Chão de giz

Você veio me ver. "Vim te ver", disse. Como se fosse a coisa mais normal do mundo. Fala sério. Quem te deu permissão para sair e entrar na vida dos outros como se fosse um trem qualquer? O que te faz pensar que tem o direito de pigarrear alto bem na minha frente? Com esse olhar de quem finge que tá nem aí – só que tá super aí. Eu finjo que não ligo – só que ligo sem parar. Tipo telemarketing. 

Eu me apaixonei por você como quem se apaixona por um livro novo-velho. Aqueles que a gente compra e, de primeira vista, não para de pensar nele: "vou ler, vou ler!". Aí, abandona na estante pela correria. E só então, passados uns 3 anos que pega nas mãos e se apaixona de vez. Você foi assim, entende, menino-do-nome-bonito? Tipo um livro. No sofá, na cama, na mesa do escritório… Todos os lugares eu te levava. Ou queria te levar. Vejo um fio de cabelo branco e penso que esse, ainda não me conhece. Preciso me apresentar. 

O problema foi que você não acompanhou muito meu ritmo. Deve estar ficando velho, penso. Meio desiludido entre as cinzas e os copos. Nós fomos demorados e então repentinos. Simples assim. O tempo de apenas um cigarro. Tipo aquela música do Zé Ramalho, que cabe aqui e na sala de estar. Sobrou eu e o chão de giz. Acabou sendo tão pra frente que ficou pra trás. A única solução era o pecado de te deixar de molho. Isso te deixa triste? Me fala, então – o que você mudaria se pudesse resgatar aquela noite? Você abriria a porta do carro ou seguraria meu cabelo? Se tivesse uma máquina do tempo, iria acordar no dia seguinte e me ligar 300 vezes – só para me chamar para mais um almoço e me ganhar de vez? Tenho minhas dúvidas. E aquela maratona que prendeu a gente em casa? Você queria que ela entrasse em looping? Aí a gente ficaria lá pra sempre. 

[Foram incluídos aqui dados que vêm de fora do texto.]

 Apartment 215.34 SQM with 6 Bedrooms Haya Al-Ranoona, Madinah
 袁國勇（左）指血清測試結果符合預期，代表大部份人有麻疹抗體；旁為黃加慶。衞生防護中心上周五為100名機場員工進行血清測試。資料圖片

O que importa é que você veio me ver. Assim, como quem não quer nada. Agora, eu estou olhando para o cabelo branco. Agora, você está olhando para a minha boca enquanto eu falo besteira para puxar assunto. Agora, você percebeu que solidão não é estar sozinho, mas, estar com qualquer pessoa que não seja eu.